From the line with "Bianca Cotton Bianca" to the line with "Picasee silikónový čierny", retype every line exactly, including those two, and leave out the rest of the data below.
**** Excerpted records
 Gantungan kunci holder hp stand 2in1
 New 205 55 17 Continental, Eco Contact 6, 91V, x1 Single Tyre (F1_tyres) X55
********
**** Excerpted records
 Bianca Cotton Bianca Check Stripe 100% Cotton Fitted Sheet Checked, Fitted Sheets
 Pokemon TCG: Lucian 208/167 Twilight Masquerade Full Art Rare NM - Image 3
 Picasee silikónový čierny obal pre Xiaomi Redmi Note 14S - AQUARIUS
********
> Completed exercise
 Bianca Cotton Bianca Check Stripe 100% Cotton Fitted Sheet Checked, Fitted Sheets
 Pokemon TCG: Lucian 208/167 Twilight Masquerade Full Art Rare NM - Image 3
 Picasee silikónový čierny obal pre Xiaomi Redmi Note 14S - AQUARIUS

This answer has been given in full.